══ Input data ══
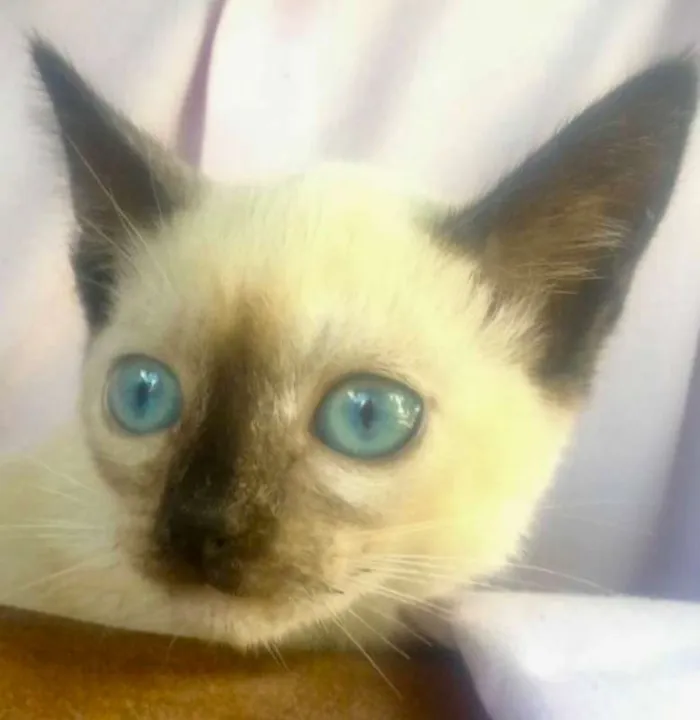 Gato ra a siames idade Abaixo de 2 meses nome YASMIN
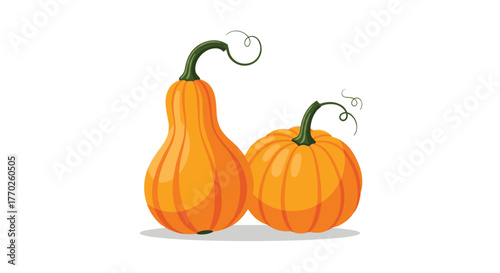 Vibrant orange vector illustration of two pumpkins, a tall gourd and a round one, with green stems and curly tendrils, isolated on white.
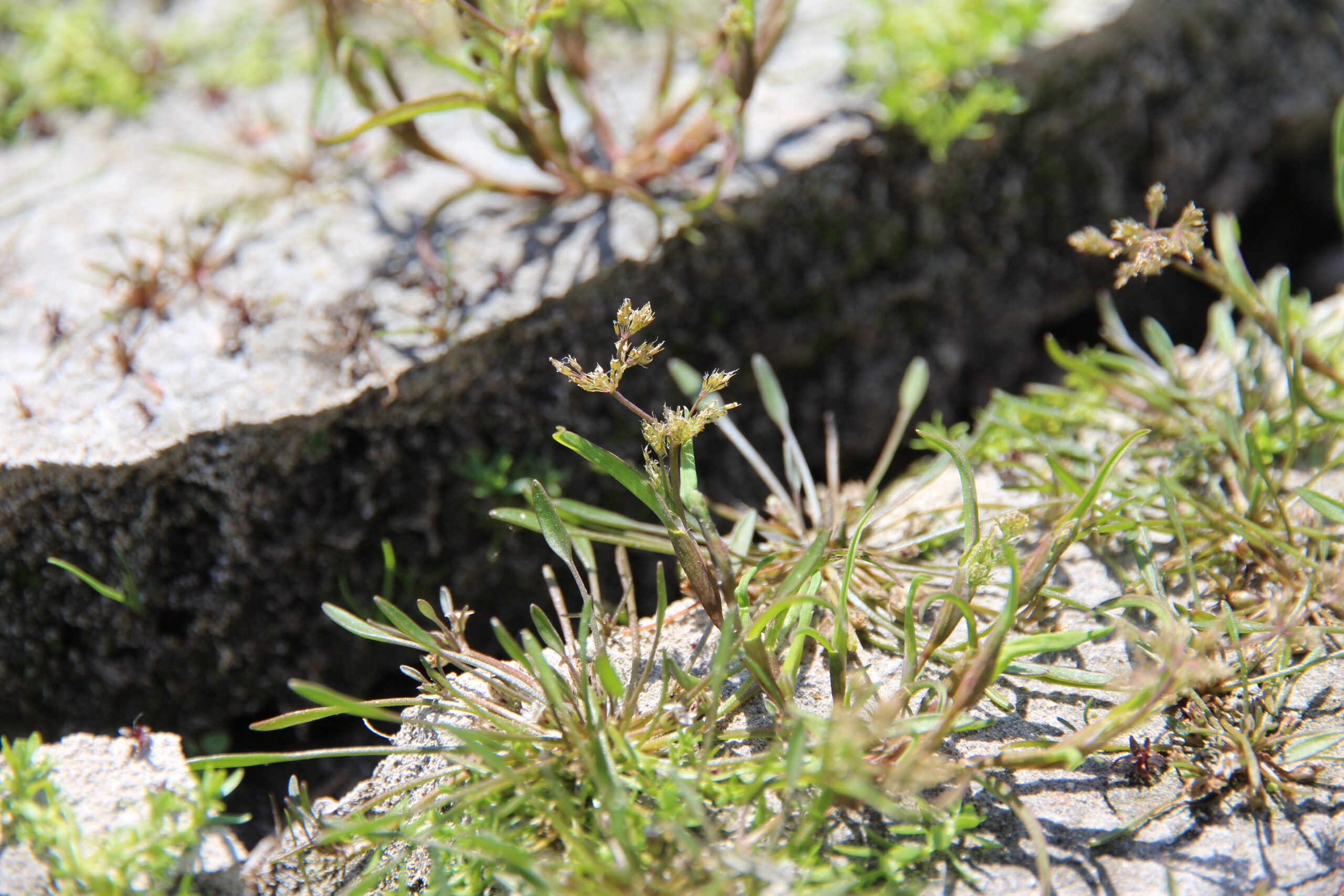 Coleanthus subtilis (Zartes Scheidenblütgras)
═══
• Work instructions: Please return only the lines from the one holding "Vibrant orange vector" through the end of the data, both ends included; do not copy any pictures.

• Task answer:
 Vibrant orange vector illustration of two pumpkins, a tall gourd and a round one, with green stems and curly tendrils, isolated on white.
 Coleanthus subtilis (Zartes Scheidenblütgras)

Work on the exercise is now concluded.